▶ **ASSIGNMENT**: From the records below, state how many lines hold the string "EDITION", without any other text.

-*-*-

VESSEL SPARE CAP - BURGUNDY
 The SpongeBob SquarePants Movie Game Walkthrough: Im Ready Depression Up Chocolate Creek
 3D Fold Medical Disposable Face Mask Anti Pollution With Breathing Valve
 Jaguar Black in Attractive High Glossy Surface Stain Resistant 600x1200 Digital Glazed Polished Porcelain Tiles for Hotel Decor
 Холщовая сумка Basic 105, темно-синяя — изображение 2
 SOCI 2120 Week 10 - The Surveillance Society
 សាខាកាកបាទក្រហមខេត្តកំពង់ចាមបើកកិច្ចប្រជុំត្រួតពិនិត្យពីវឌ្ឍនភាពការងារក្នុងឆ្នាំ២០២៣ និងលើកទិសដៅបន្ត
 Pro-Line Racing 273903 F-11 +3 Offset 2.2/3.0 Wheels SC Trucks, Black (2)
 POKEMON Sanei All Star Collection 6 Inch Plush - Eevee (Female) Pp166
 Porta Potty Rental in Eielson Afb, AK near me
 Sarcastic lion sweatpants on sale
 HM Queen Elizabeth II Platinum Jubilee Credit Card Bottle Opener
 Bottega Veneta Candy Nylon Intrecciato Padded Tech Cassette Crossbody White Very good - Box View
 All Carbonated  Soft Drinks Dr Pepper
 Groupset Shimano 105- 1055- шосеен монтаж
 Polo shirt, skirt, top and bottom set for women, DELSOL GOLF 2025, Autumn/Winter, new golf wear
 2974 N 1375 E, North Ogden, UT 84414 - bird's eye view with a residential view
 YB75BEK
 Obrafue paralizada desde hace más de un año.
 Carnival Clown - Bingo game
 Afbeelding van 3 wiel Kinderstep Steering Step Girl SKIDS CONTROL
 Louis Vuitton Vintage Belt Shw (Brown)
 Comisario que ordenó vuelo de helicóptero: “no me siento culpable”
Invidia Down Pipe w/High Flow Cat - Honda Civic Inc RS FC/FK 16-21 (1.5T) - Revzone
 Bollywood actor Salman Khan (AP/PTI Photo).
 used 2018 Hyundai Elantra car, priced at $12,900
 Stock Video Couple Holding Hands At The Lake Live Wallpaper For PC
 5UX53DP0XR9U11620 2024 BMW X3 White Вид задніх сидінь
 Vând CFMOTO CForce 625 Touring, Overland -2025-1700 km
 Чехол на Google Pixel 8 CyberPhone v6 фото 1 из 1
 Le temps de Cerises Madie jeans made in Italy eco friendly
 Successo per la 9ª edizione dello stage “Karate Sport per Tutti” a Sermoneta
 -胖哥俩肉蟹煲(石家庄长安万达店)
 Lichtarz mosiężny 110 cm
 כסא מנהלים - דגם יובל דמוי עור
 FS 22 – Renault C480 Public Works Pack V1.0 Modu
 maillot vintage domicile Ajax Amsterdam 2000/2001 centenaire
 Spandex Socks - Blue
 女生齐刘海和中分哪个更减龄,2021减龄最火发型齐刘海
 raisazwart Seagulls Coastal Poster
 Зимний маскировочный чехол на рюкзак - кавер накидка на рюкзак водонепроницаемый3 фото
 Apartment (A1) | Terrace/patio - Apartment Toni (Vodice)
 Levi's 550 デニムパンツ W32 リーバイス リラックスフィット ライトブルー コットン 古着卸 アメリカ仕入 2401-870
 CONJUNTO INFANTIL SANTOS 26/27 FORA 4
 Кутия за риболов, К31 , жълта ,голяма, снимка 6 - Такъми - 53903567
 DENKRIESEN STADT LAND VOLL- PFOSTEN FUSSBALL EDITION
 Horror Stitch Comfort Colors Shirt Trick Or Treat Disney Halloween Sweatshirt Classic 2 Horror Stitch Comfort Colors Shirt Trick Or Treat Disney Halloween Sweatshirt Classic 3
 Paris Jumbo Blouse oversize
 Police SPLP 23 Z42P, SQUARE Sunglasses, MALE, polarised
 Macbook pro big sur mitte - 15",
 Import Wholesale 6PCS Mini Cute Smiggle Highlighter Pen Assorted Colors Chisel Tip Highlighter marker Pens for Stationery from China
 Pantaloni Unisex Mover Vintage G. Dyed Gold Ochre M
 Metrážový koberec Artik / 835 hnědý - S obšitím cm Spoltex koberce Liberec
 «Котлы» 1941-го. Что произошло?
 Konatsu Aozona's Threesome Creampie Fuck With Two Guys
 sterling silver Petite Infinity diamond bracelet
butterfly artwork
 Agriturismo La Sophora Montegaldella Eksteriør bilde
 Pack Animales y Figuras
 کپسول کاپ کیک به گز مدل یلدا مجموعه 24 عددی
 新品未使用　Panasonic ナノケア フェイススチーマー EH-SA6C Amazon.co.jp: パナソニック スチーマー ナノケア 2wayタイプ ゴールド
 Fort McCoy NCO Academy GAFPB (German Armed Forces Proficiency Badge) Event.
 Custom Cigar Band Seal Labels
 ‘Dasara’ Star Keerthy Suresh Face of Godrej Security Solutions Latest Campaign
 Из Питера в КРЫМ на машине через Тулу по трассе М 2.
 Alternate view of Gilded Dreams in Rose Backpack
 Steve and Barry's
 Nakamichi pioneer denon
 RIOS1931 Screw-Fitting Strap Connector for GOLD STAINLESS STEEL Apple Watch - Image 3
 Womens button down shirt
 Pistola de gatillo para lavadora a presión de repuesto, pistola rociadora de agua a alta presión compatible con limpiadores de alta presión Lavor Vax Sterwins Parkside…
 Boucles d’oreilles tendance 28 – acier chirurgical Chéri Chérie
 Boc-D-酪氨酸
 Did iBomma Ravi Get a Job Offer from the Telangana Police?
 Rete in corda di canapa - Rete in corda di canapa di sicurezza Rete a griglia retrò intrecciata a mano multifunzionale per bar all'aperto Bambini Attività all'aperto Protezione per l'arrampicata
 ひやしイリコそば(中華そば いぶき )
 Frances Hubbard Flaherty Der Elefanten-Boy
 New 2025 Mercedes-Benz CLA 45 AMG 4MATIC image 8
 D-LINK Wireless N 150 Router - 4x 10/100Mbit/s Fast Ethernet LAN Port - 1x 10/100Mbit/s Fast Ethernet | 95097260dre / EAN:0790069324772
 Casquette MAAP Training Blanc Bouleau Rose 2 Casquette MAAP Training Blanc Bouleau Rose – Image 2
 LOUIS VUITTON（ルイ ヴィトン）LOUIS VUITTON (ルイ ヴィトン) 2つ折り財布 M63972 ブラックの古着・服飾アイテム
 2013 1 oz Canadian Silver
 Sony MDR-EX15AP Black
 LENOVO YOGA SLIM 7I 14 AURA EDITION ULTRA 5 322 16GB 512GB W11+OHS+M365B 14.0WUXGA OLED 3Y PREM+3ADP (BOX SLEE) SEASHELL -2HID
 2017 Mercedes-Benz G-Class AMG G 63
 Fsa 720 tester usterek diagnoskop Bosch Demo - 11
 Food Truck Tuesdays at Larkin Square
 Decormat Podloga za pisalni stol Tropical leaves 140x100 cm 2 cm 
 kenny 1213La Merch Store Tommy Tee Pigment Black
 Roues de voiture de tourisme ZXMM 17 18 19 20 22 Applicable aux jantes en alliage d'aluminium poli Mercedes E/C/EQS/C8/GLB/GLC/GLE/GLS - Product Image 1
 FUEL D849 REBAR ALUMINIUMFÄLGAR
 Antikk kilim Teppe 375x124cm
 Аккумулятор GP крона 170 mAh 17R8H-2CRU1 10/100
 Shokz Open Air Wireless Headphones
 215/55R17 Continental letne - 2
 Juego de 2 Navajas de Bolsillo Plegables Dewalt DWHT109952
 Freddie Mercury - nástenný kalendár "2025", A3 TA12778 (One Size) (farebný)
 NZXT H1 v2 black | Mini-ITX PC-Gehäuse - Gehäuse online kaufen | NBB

-*-*-

▶ **TASK SOLUTION**: 2